*** Source information Section Begins ***
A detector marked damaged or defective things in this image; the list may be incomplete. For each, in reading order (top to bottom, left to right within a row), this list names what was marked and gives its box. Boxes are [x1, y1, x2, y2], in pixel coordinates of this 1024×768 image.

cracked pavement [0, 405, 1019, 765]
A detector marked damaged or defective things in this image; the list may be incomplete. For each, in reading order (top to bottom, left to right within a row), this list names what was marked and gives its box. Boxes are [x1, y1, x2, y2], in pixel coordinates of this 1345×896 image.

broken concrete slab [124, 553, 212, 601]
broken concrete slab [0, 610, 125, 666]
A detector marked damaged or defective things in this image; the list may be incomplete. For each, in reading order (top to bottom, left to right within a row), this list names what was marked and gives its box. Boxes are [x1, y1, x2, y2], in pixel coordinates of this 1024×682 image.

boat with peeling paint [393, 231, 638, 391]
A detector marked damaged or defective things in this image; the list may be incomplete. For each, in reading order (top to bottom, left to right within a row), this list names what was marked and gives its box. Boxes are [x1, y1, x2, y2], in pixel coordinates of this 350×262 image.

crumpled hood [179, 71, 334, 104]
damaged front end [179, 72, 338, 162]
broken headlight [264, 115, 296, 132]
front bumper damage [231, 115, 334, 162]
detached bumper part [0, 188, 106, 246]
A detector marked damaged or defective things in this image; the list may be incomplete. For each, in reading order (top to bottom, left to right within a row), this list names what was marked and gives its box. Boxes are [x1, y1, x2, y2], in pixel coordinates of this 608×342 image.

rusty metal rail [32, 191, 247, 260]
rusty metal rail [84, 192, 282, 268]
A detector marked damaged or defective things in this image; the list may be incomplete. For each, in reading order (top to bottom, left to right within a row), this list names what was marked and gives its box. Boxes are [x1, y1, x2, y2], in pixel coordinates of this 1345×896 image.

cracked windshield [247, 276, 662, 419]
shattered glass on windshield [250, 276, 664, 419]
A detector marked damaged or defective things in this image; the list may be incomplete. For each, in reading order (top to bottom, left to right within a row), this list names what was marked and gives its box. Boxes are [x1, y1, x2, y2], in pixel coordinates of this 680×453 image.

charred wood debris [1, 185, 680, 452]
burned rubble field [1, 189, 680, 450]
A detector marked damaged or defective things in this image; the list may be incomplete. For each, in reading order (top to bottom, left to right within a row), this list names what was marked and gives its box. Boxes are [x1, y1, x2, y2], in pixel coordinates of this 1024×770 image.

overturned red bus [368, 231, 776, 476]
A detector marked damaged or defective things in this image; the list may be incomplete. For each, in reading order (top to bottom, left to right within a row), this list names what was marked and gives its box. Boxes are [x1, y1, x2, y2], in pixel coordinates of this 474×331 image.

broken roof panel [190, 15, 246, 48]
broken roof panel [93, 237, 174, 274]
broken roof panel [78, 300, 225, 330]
*** Source information Section Ends ***
* _Assignment_
Give the listing above again in full, exactly as written.

* _Answer to this exercise_
A detector marked damaged or defective things in this image; the list may be incomplete. For each, in reading order (top to bottom, left to right within a row), this list names what was marked and gives its box. Boxes are [x1, y1, x2, y2], in pixel coordinates of this 1024×768 image.

cracked pavement [0, 405, 1019, 765]
A detector marked damaged or defective things in this image; the list may be incomplete. For each, in reading order (top to bottom, left to right within a row), this list names what was marked and gives its box. Boxes are [x1, y1, x2, y2], in pixel coordinates of this 1345×896 image.

broken concrete slab [124, 553, 212, 601]
broken concrete slab [0, 610, 125, 666]
A detector marked damaged or defective things in this image; the list may be incomplete. For each, in reading order (top to bottom, left to right within a row), this list names what was marked and gives its box. Boxes are [x1, y1, x2, y2], in pixel coordinates of this 1024×682 image.

boat with peeling paint [393, 231, 638, 391]
A detector marked damaged or defective things in this image; the list may be incomplete. For each, in reading order (top to bottom, left to right within a row), this list names what was marked and gives its box. Boxes are [x1, y1, x2, y2], in pixel coordinates of this 350×262 image.

crumpled hood [179, 71, 334, 104]
damaged front end [179, 72, 338, 162]
broken headlight [264, 115, 296, 132]
front bumper damage [231, 115, 334, 162]
detached bumper part [0, 188, 106, 246]
A detector marked damaged or defective things in this image; the list may be incomplete. For each, in reading order (top to bottom, left to right within a row), this list names what was marked and gives its box. Boxes are [x1, y1, x2, y2], in pixel coordinates of this 608×342 image.

rusty metal rail [32, 191, 247, 260]
rusty metal rail [84, 192, 282, 268]
A detector marked damaged or defective things in this image; the list may be incomplete. For each, in reading order (top to bottom, left to right within a row), this list names what was marked and gives its box. Boxes are [x1, y1, x2, y2], in pixel coordinates of this 1345×896 image.

cracked windshield [247, 276, 662, 419]
shattered glass on windshield [250, 276, 664, 419]
A detector marked damaged or defective things in this image; the list may be incomplete. For each, in reading order (top to bottom, left to right within a row), this list names what was marked and gives its box. Boxes are [x1, y1, x2, y2], in pixel coordinates of this 680×453 image.

charred wood debris [1, 185, 680, 452]
burned rubble field [1, 189, 680, 450]
A detector marked damaged or defective things in this image; the list may be incomplete. For each, in reading order (top to bottom, left to right within a row), this list names what was marked and gives its box. Boxes are [x1, y1, x2, y2], in pixel coordinates of this 1024×770 image.

overturned red bus [368, 231, 776, 476]
A detector marked damaged or defective things in this image; the list may be incomplete. For each, in reading order (top to bottom, left to right within a row), this list names what was marked and gives its box. Boxes are [x1, y1, x2, y2], in pixel coordinates of this 474×331 image.

broken roof panel [190, 15, 246, 48]
broken roof panel [93, 237, 174, 274]
broken roof panel [78, 300, 225, 330]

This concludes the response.